The Wizard of Oz endured several hardships during production. The script was rewritten several times by multiple writers, and five different directors had sat in the director’s chair by the end of production. Several cast members also obtained serious injuries throughout their time on set.
The film endured, but even after all of the work and struggle that went into making it, The Wizard of Oz failed to attract a large audience, resulting in a $1.1 million loss for the studio.
7. The Assassination of Jesse James by the Coward Robert Ford (2007)
The Western genre has given us many fantastic films through the years, and Andrew Dominik’s look at the last days of the famous outlaw Jesse James is no exception. The performances of Brad Pitt and Casey Affleck (who play James and Ford, respectively), have been called some of the best of their careers.

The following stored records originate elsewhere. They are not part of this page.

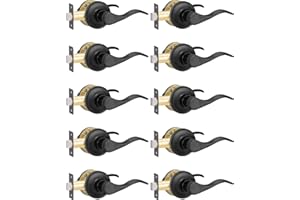 Supstron 10 Pack Passage Door Handle, Matte Black Reversible Door Lever Perfect for Interior Door and Closet, Traditional Wave Style Passage Door Lock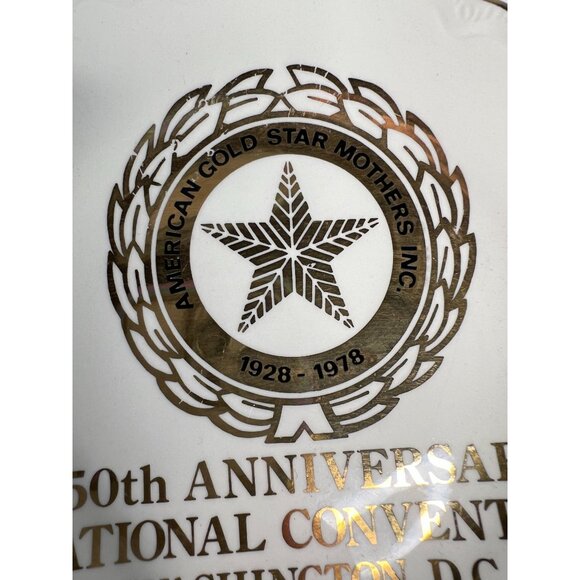Vintage Collectible American Gold Star Mothers 50th Anniversary Plate 1978 Washi - Picture 3 of 13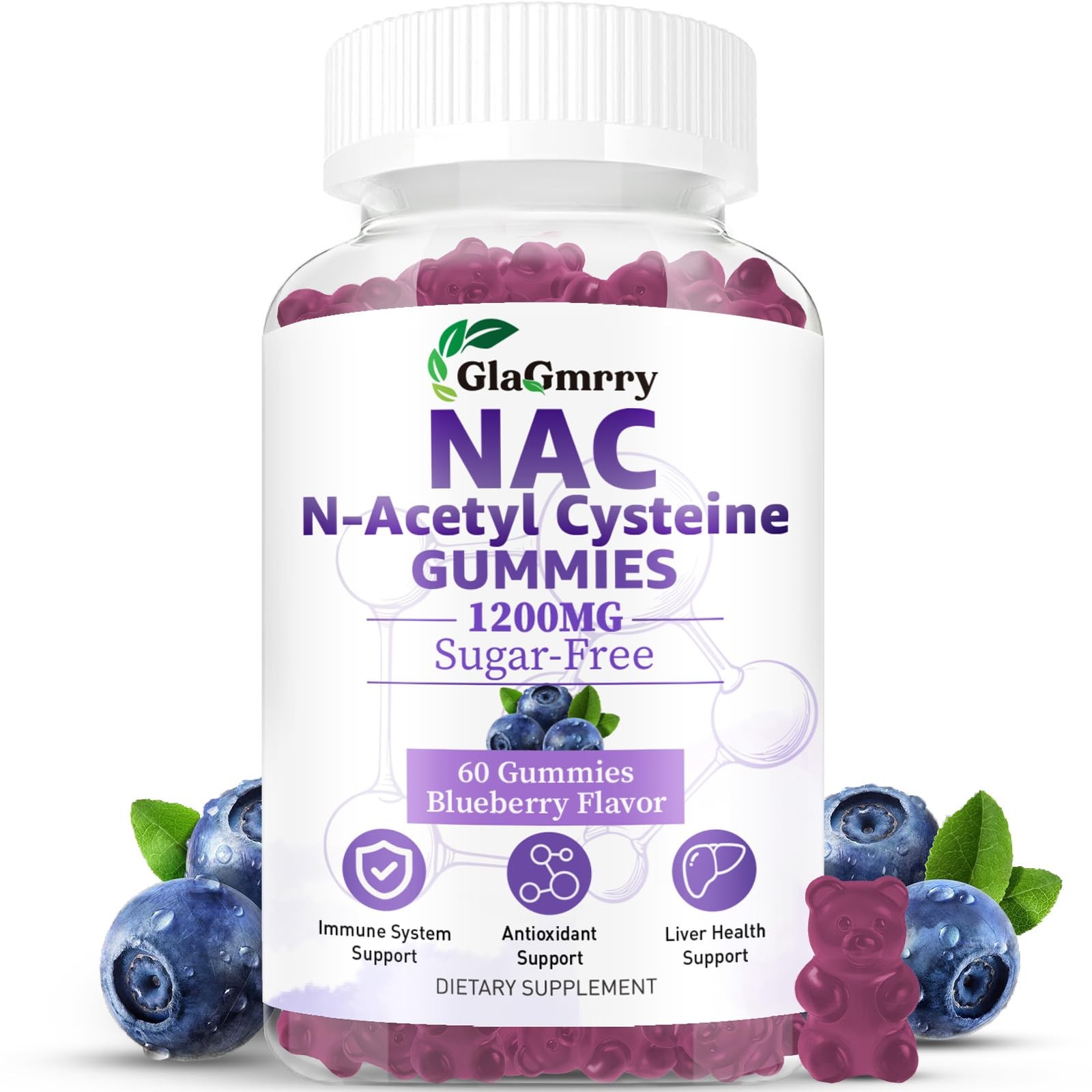 Sugar Free NAC Gummies for Kids & Adults, 60 Count (Pack of 1)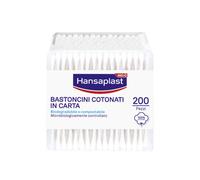 Hansaplast Bastoncini Cotonati in Carta Biodegradabile, 1 confezione x 200 pezzi, 100% Puro Cotone Idrofilo, Adatti per Pelli Sensibili, Made in Italy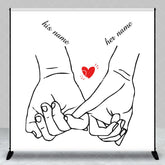 Lofaris Simple Lines Hands Custom Valentines Day Backdrop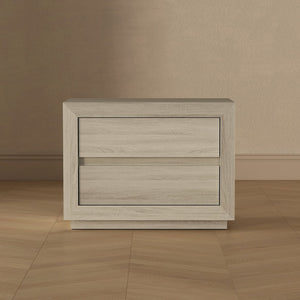 English Elm Nightstand with Two Drawers Handleless Oak Laminate Scandinavian Minimalist Bedroom Whitewashed Oak B365P504393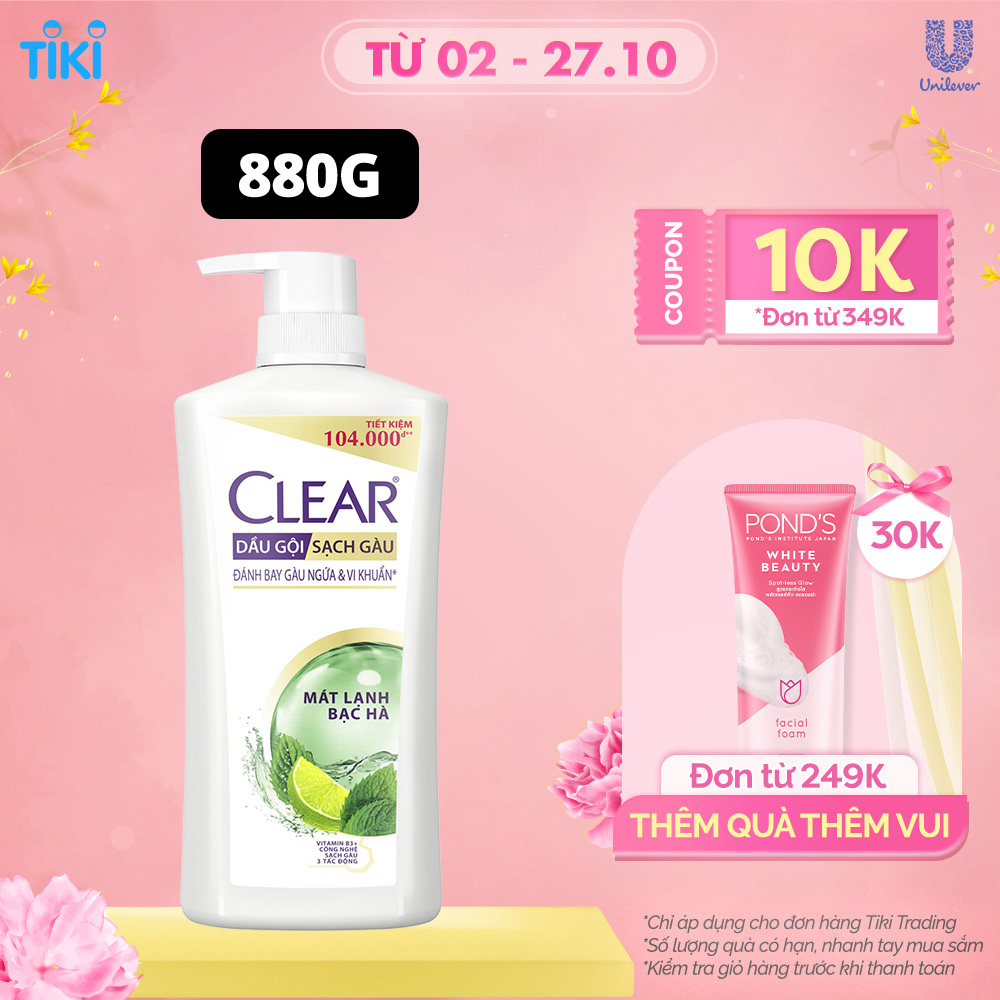 Dầu Gội Clear Sạch Gàu Dầu Gội Sạch Gàu Mát Lạnh Bạc Hà 3X Sức Mạnh Đánh Bay Gàu, Ngứa, Vi Khuẩn 880G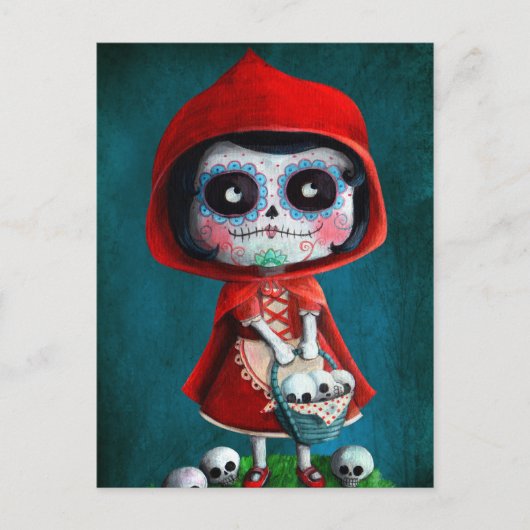 Dia de los Muertos Little Red Riding Hood Postkarte (Vorderseite)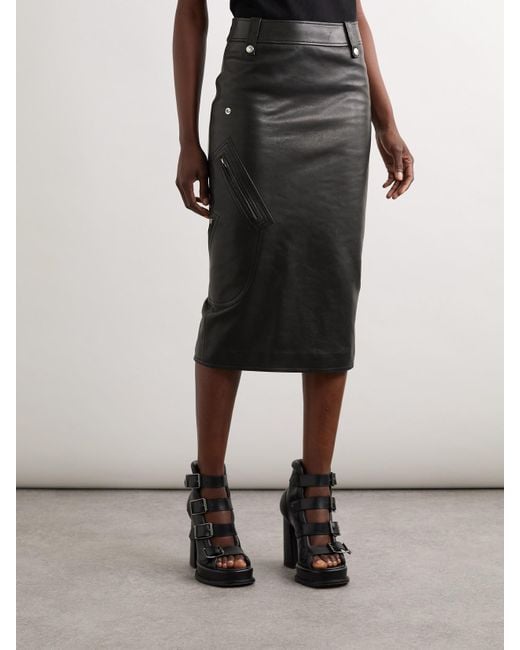 Alexander McQueen Black Midirock Aus Leder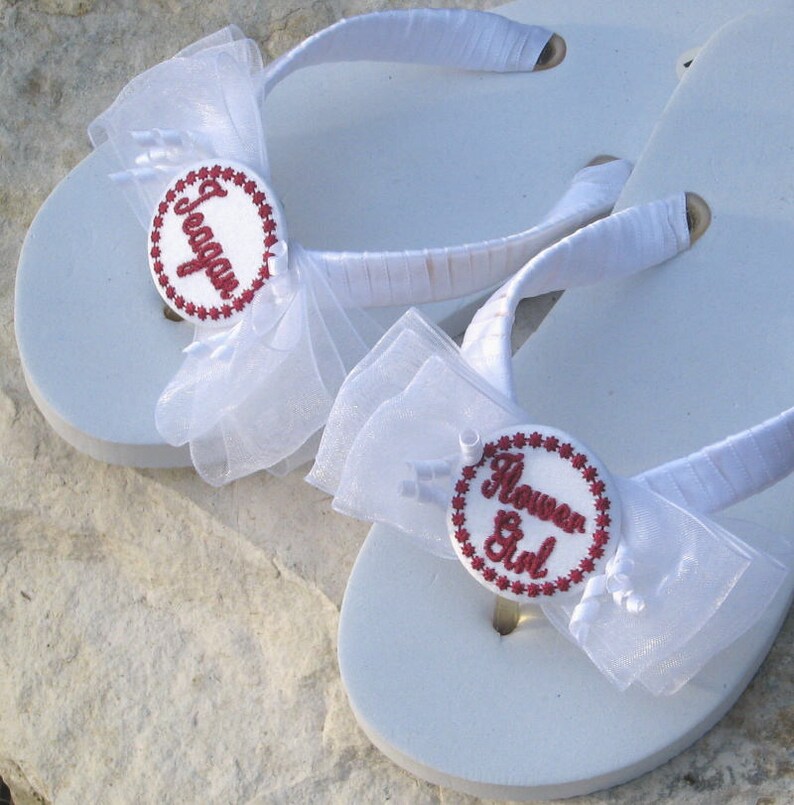 FLOWER GIRL Flip Flops Children & Girls Beach and Outdoor Etsy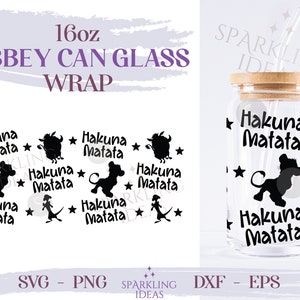 Hakuna MatataLibbey 16oz Glass SVG, Lion King Libbey Glass Svg, Lion King Characters Wrap Svg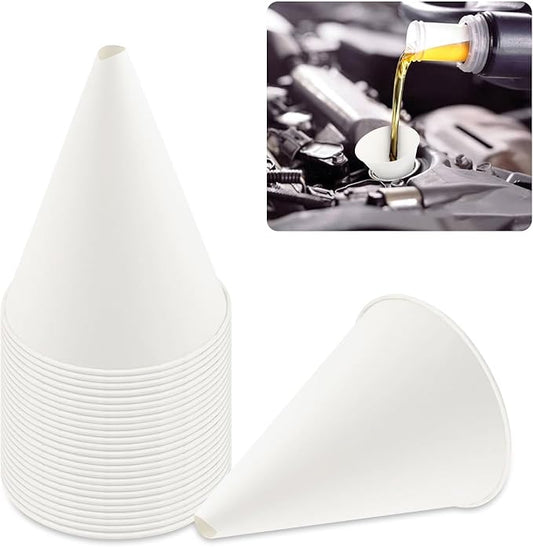 25PCS Disposable Funnels for Automotive Use,6 oz Paper Engine Oil Funnel for Oil Change and Fill of Coolant Motor Oil Gasoline Water,Universal Coolant Funnel Car Accessories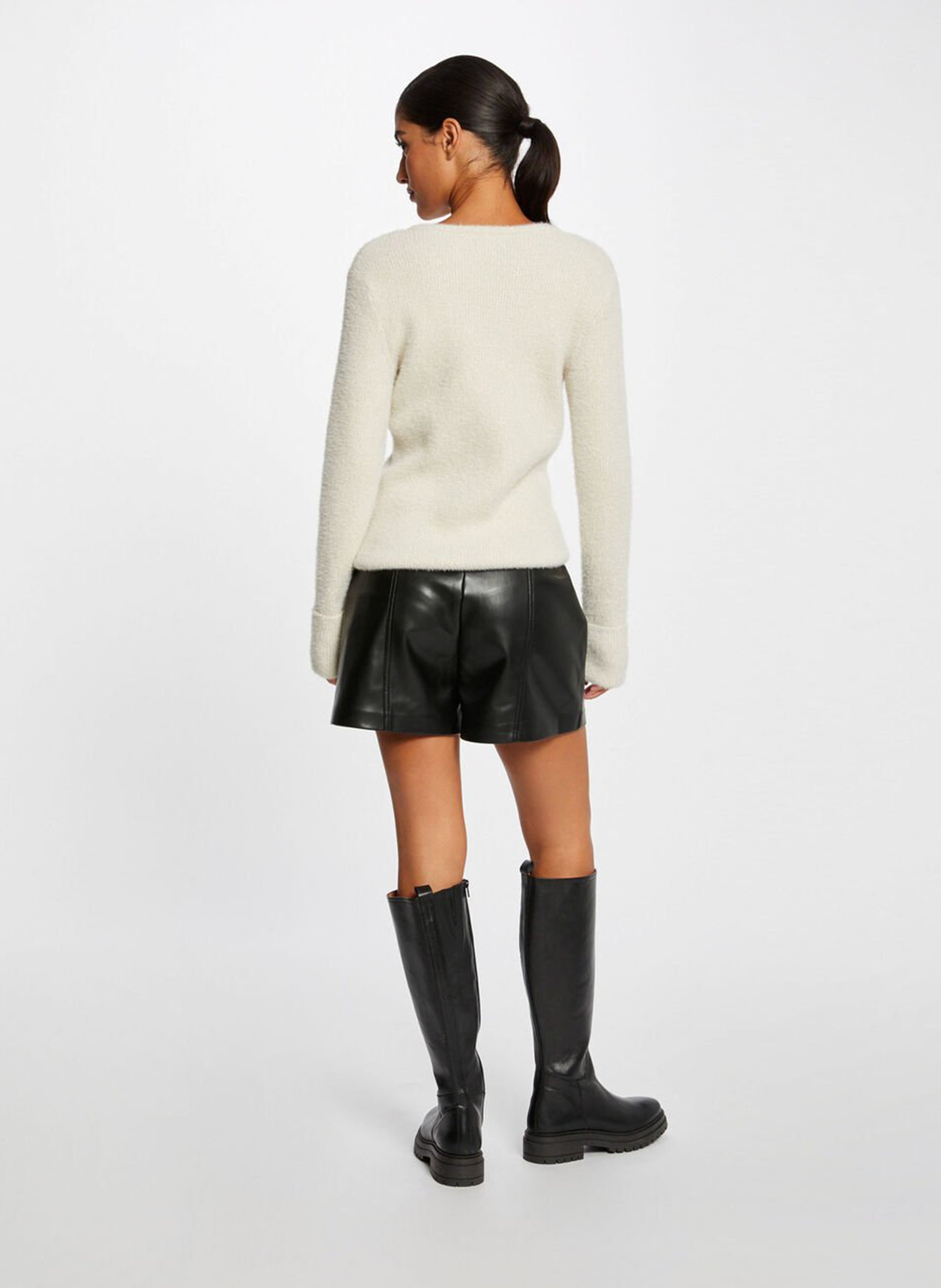 Trui met V-hals MORGAN Beige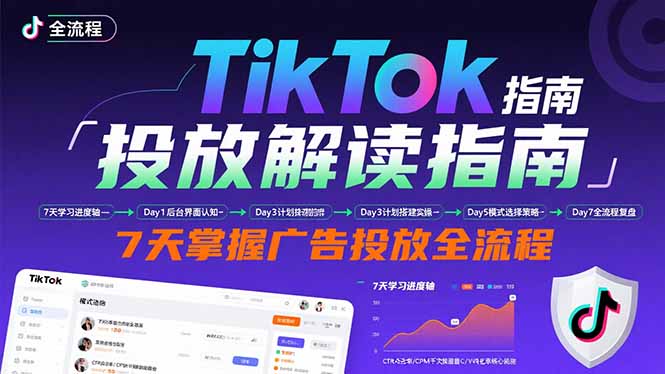 TikTok投放解读指南：后台操作/计划建立/模式选择，7天掌握广告投放全流程-E六资源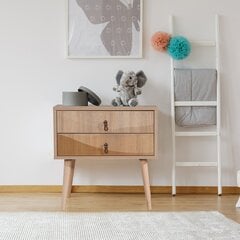 Naktinis staliukas Asir, 60x61x40cm, smėlio/rudos spalvos kaina ir informacija | Spintelės prie lovos | pigu.lt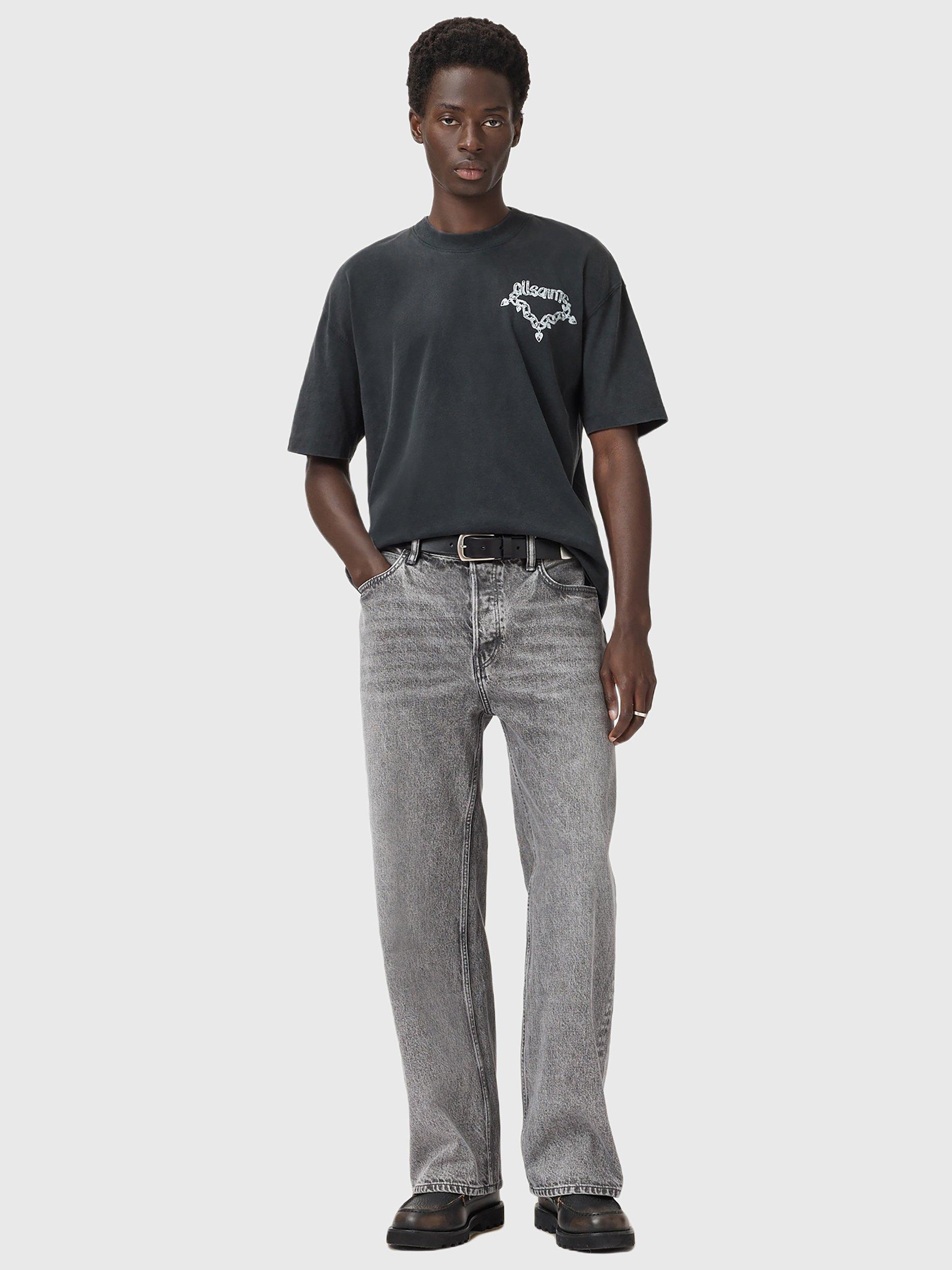 Product image 3 of 8, which shows AllSaints Drip Cotton T-Shirt, Washed Black, XS
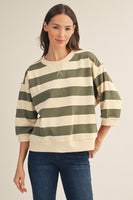 Jodifl V-Notched Bold Stripe Casual Top in Olive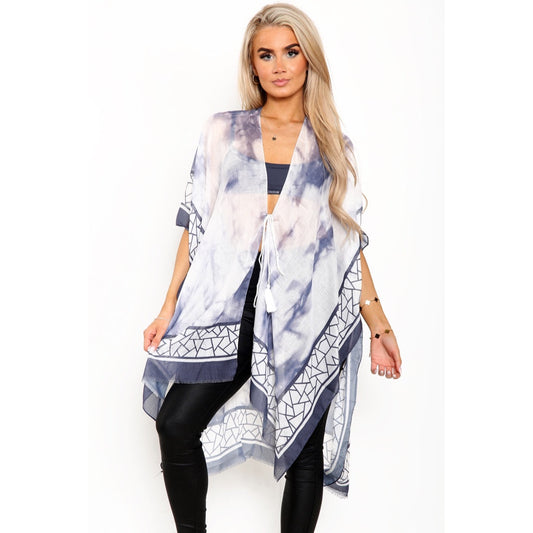 Marble Design Kimono - Black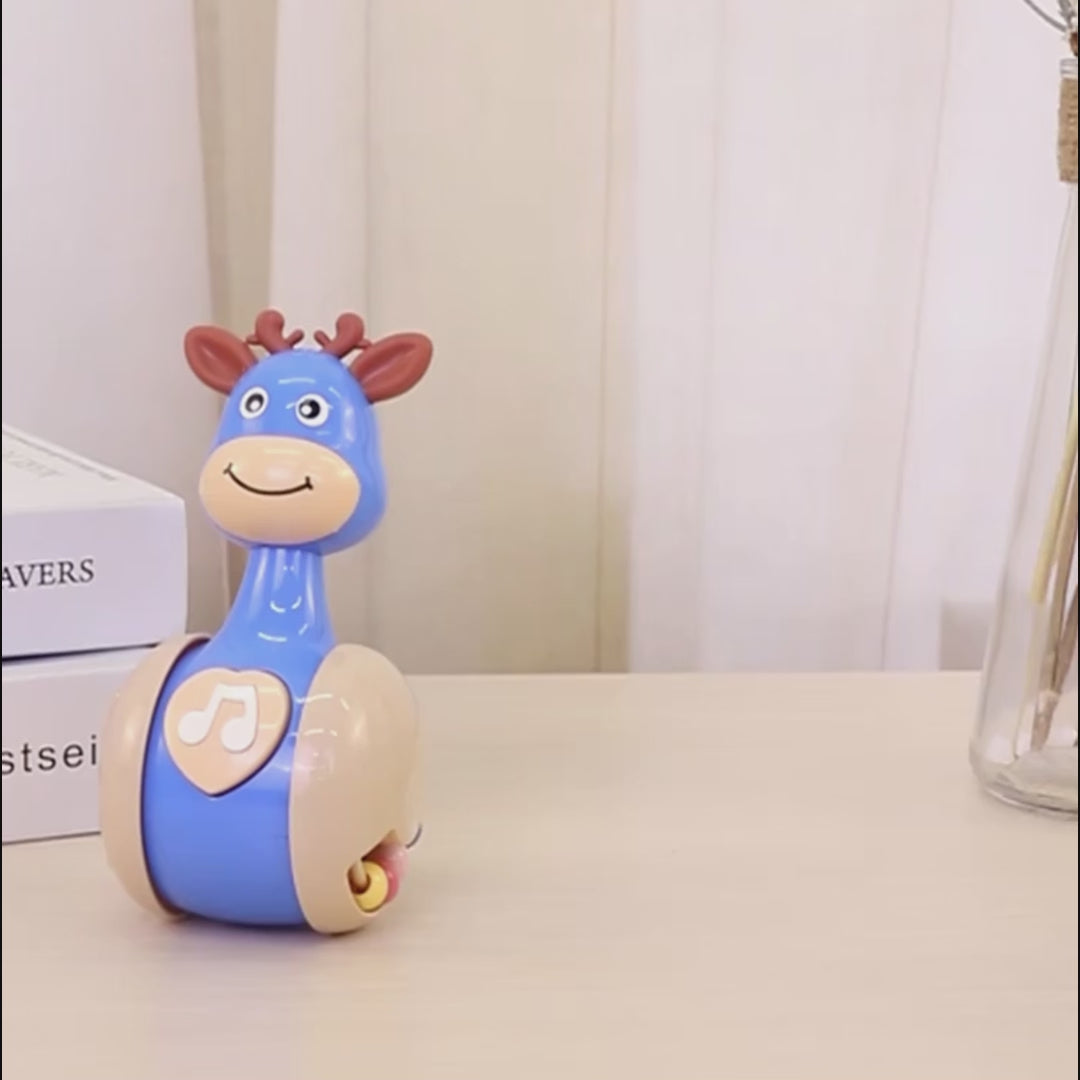 Fawn Sliding Tumbler with Cute Deer Design, Push-and-Crawl Toy, Safe for Months 1+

The tension between the two is palpable, and their final confrontation is incredibly satisfying. Roger Deakins also really outdid himself with the camerawork in this film. His recreation of the visuals of an old time camera is quite brilliant, and his lighting techniques during the train robbery help to create a very foreboding atmosphere that make it one of the more memorable scenes in recent years.
When Warner Bros. took a look at the finished product, they weren’t pleased. They were anticipating an action packed blockbuster of a Western, and instead they got a long, slow film chronicling the last days of a legendary figure. They ended up shoving the film under the rug through minimal promotion and a very limited release (it was only released in 301 theaters domestically).
It was well-received by critics, and even managed to grab a couple of Oscar nominations. Due to the studio’s disappointment in the film, however, The Assassination of Jesse James only managed $3.9 million during its domestic release.
6. The Big Lebowski (1998)
The Dude. His Dudeness. Duder. El Duderino. Whatever you want to call him, there’s no denying that he is one of the most entertaining characters in cinematic history. In this tale of mistaken identity, the Coen brothers combine elements of the Western and film noir, and place it into an almost mythical version of modern America.
Jeff Bridges delivers one of his greatest performances as the White Russian-drinking slacker, and is joined by a slew of equally talented actors, including Steve Buscemi, John Tuturro, and Philip Seymour Hoffman.
In any other film, each performance could have stolen the spotlight, but the Coen brothers managed to balance them in such a way that they were all able to shine without stepping on each other’s toes. The best part is that this film never needed to find its niche. It knows exactly what it’s trying to be, and succeeds with flying colors.
Films by the Coen brothers haven’t always been the most accessible to the wider movie-going audience. This has been noted in some of the more negative reviews of The Big Lebowski, but it’s still uncertain whether it had anything to do with the film’s difficulties in the box office.
Peter Stormare once claimed that the studio hadn’t advertised the film enough, which (as seen earlier in this list) could be a factor. Whatever the reason, The Big Lebowski was considered a failure, earning just over its $15 million budget.